> EXERCISE
For this exercise, write out only the lines of the entries below from the one with "Can a pacemaker" up to and including the one with "ULTRASOUND TECHNOLOGY TO", exactly as they are. Pictures stay out.

> MATERIAL SHOWN
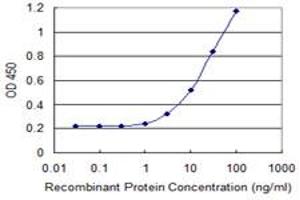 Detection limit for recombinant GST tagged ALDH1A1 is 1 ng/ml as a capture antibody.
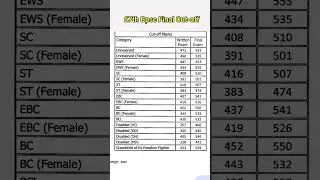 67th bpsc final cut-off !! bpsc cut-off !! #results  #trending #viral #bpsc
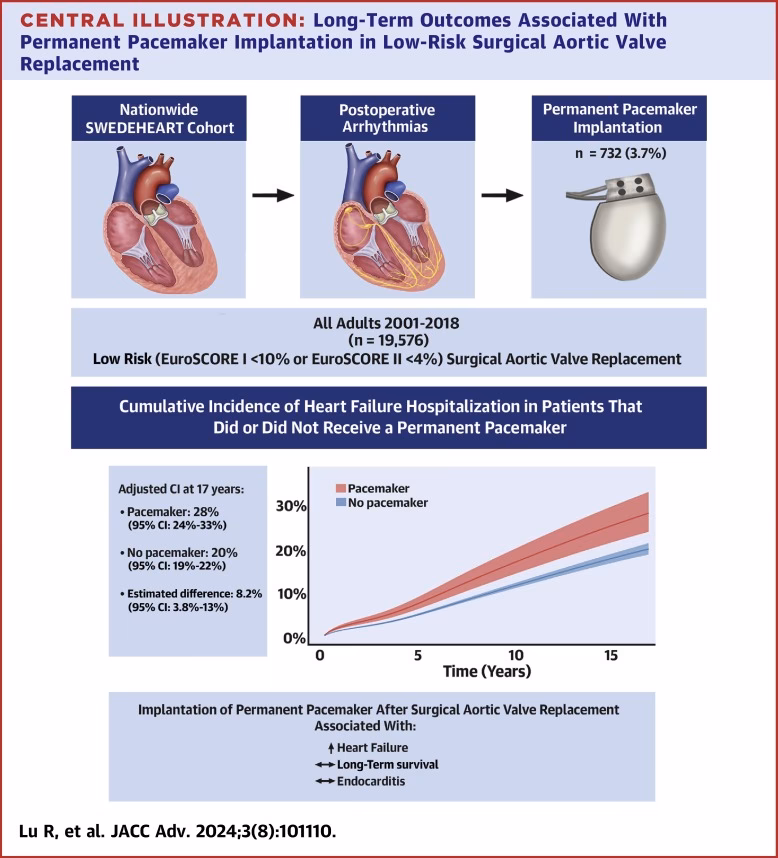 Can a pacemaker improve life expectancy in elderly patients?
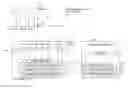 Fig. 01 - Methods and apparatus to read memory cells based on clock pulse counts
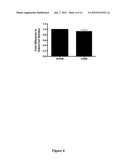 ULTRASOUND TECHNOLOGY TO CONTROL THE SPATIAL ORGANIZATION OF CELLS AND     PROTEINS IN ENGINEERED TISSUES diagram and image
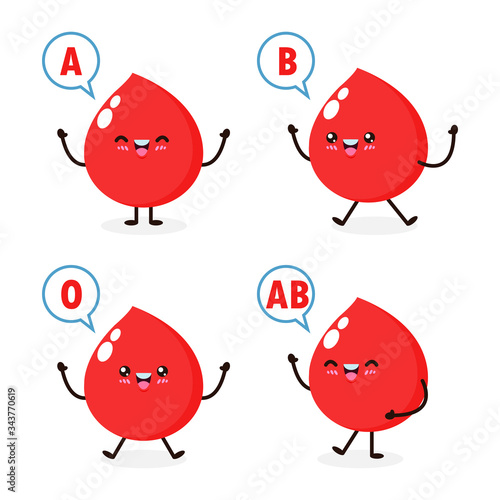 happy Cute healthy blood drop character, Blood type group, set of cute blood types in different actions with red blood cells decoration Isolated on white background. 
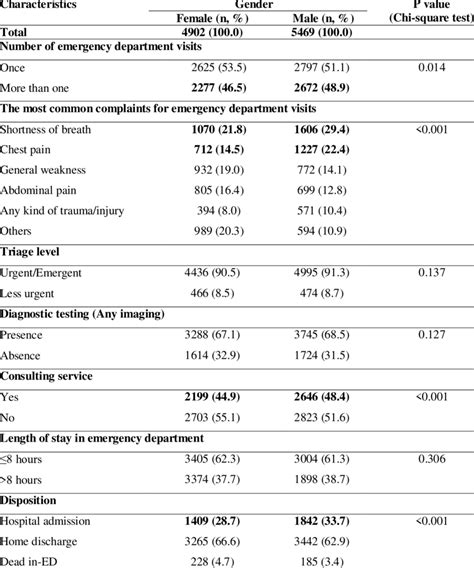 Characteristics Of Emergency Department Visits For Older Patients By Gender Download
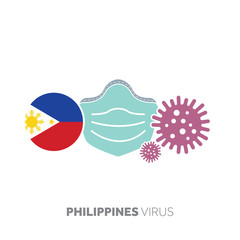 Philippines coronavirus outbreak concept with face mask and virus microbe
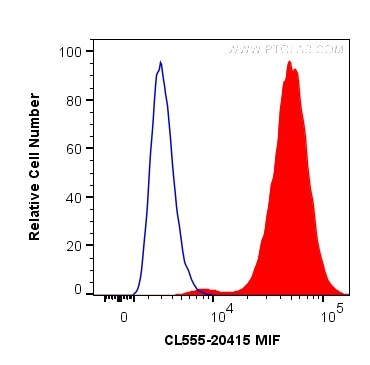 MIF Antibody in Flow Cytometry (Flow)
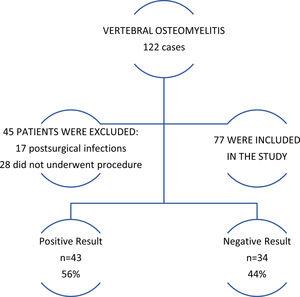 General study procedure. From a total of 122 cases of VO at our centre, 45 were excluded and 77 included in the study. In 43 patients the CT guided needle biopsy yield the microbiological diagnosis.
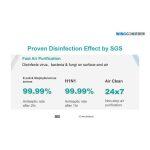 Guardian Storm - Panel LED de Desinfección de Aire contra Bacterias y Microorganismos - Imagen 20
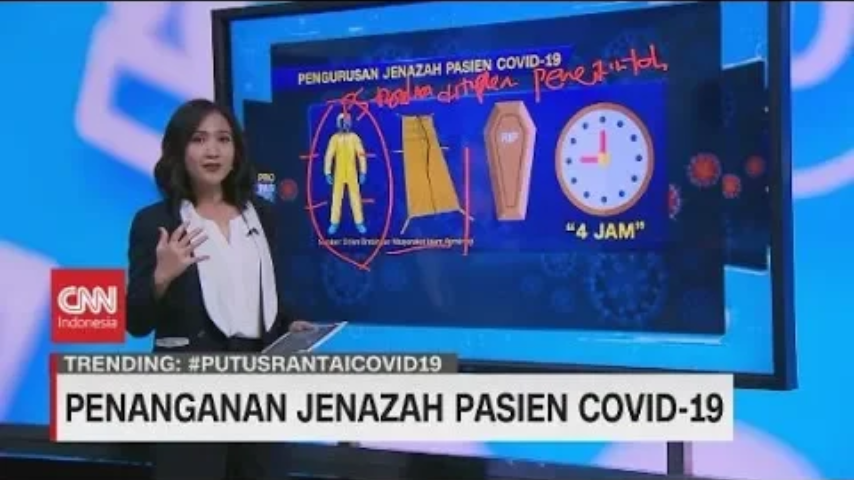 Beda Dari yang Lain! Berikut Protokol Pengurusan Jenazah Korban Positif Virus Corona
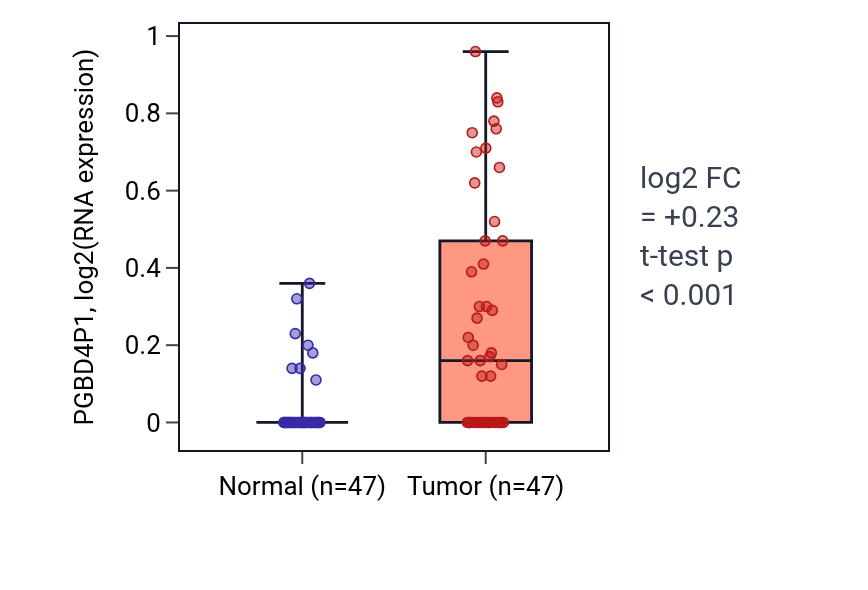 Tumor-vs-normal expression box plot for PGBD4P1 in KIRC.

--

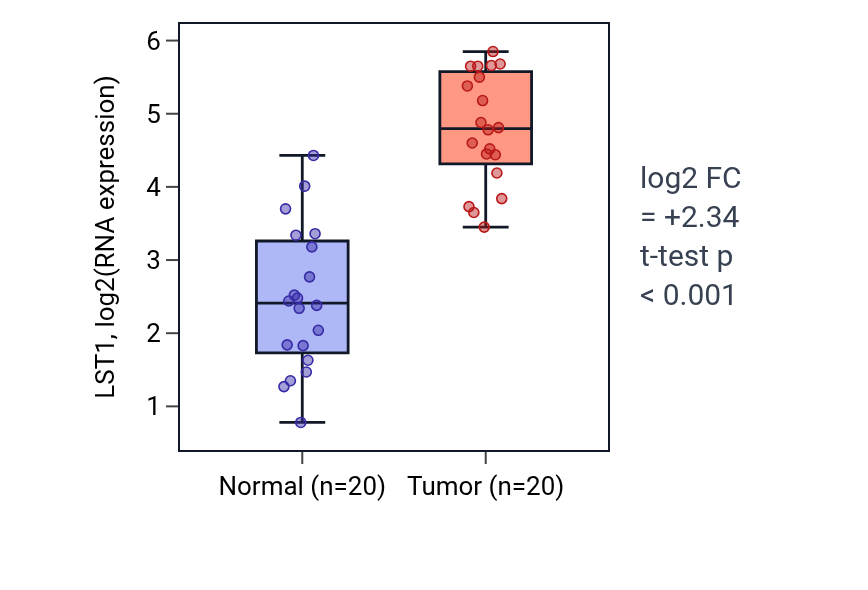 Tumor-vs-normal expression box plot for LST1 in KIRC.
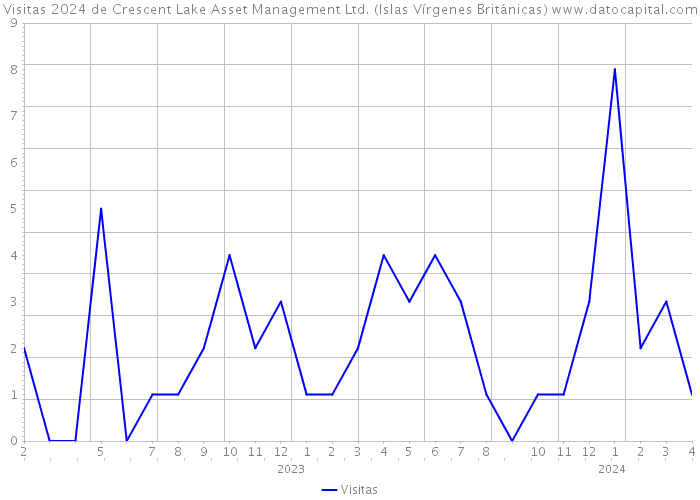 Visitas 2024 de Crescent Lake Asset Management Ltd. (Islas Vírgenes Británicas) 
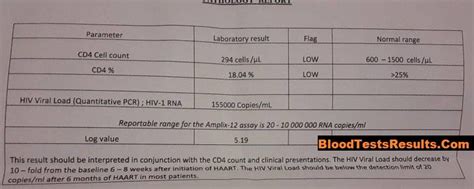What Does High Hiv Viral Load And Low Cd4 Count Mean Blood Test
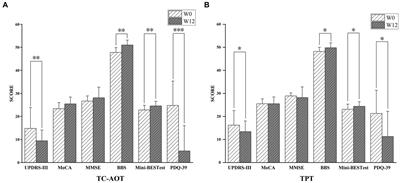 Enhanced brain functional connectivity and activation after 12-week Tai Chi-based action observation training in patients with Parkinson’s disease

> SOLUTION FOR THIS PROBLEM
 Can a pacemaker improve life expectancy in elderly patients?
 Fig. 01 - Methods and apparatus to read memory cells based on clock pulse counts
 ULTRASOUND TECHNOLOGY TO CONTROL THE SPATIAL ORGANIZATION OF CELLS AND     PROTEINS IN ENGINEERED TISSUES diagram and image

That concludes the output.